____ INFORMATION GIVEN

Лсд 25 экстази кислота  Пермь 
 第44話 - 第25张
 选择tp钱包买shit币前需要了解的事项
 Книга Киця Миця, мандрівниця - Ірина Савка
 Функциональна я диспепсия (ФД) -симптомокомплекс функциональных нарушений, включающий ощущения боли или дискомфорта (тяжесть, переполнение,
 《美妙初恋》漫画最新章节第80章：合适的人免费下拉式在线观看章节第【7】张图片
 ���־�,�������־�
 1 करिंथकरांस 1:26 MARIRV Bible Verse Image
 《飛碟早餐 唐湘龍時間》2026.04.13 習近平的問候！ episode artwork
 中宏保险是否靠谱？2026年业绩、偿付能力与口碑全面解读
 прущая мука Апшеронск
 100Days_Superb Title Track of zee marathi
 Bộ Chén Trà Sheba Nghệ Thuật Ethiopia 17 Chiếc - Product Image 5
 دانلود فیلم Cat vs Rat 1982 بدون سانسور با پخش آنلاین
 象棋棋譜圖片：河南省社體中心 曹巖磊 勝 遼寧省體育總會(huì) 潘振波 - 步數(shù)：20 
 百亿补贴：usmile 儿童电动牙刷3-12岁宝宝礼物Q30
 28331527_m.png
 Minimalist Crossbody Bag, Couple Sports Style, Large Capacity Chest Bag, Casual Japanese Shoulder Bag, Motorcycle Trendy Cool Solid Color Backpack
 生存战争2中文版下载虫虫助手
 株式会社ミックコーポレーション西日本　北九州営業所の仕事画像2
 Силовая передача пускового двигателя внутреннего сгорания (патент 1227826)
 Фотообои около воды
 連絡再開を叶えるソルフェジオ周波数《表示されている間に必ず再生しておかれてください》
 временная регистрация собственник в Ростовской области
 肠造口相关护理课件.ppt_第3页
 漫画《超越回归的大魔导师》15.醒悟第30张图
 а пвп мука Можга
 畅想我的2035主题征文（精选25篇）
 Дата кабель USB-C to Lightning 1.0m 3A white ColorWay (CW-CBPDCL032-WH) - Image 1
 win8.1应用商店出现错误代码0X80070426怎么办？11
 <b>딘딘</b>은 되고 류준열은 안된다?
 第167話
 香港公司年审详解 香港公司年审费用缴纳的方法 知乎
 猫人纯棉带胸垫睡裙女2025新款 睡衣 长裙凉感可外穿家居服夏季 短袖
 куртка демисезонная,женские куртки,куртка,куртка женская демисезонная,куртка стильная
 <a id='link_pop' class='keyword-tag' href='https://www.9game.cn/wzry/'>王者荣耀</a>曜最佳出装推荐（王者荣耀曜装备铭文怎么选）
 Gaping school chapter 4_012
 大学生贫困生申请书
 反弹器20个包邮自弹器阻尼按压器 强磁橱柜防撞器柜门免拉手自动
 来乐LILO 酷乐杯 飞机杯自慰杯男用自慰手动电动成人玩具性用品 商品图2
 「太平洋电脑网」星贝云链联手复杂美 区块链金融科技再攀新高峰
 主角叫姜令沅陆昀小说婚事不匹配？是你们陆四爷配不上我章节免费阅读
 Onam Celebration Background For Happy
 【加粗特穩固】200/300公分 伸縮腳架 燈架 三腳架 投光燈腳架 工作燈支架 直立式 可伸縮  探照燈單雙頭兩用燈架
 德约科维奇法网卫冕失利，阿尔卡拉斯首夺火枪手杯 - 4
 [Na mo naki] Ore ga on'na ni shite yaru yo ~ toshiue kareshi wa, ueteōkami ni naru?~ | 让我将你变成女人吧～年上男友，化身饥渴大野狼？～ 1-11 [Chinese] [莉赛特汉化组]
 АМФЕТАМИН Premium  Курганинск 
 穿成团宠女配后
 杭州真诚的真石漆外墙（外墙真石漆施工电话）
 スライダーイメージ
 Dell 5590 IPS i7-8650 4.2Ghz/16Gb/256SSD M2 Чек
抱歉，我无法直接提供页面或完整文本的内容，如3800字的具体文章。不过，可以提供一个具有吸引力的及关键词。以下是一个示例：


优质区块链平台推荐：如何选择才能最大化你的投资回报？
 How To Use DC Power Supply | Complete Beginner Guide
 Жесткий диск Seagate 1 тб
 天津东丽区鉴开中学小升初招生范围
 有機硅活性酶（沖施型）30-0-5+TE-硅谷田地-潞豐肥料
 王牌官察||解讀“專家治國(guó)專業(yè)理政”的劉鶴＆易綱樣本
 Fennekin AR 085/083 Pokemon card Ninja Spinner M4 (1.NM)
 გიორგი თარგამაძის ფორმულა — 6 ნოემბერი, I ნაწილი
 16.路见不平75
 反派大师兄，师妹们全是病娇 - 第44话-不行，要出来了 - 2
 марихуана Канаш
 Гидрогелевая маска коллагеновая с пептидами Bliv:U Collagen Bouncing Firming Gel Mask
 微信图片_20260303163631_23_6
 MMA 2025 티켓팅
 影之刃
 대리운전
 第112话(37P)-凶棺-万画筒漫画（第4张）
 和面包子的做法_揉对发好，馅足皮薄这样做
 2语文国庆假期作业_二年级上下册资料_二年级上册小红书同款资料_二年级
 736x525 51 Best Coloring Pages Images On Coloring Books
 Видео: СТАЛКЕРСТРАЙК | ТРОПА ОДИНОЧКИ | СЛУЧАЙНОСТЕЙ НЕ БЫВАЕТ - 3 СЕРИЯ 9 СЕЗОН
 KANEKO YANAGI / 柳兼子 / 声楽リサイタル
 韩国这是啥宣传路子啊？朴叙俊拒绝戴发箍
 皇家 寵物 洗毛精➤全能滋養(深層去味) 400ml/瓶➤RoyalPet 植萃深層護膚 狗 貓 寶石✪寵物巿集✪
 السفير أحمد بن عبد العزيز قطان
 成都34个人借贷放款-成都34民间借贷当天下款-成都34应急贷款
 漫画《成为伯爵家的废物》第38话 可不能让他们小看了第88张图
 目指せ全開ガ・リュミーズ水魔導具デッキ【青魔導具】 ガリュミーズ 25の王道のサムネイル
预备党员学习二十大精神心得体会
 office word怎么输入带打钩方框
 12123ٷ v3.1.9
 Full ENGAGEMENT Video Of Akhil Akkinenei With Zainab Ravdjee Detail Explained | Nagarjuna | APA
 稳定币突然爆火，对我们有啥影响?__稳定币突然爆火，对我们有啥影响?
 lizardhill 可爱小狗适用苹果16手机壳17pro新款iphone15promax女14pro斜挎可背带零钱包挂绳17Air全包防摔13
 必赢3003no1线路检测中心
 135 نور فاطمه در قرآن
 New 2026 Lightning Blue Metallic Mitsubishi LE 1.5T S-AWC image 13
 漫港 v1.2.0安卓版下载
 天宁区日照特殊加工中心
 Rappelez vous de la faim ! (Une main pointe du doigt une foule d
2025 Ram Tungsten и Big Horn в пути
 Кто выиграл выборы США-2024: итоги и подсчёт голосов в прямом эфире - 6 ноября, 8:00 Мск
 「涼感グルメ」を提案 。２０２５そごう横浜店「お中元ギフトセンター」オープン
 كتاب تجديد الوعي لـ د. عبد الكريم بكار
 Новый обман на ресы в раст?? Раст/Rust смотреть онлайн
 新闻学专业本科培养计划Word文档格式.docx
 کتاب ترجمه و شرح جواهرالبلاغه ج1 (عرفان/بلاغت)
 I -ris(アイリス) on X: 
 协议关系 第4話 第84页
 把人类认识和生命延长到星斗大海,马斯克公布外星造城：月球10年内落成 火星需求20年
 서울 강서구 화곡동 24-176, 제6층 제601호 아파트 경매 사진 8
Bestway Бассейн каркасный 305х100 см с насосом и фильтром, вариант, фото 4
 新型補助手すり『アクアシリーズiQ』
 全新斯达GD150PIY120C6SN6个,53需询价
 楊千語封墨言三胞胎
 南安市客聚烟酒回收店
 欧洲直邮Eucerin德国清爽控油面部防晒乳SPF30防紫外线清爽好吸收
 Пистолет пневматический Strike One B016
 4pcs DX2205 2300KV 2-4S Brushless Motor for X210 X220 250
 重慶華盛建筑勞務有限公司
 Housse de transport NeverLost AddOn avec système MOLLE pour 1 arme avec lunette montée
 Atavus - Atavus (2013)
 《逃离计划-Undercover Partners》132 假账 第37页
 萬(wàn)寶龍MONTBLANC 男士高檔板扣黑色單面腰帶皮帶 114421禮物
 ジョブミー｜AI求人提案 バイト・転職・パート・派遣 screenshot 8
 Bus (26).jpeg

________

**EXERCISE BRIEF:** Using only the data above, copy out the lines that include the word "мука".

**SOLUTION FOR THIS PROBLEM:**
 прущая мука Апшеронск
 а пвп мука Можга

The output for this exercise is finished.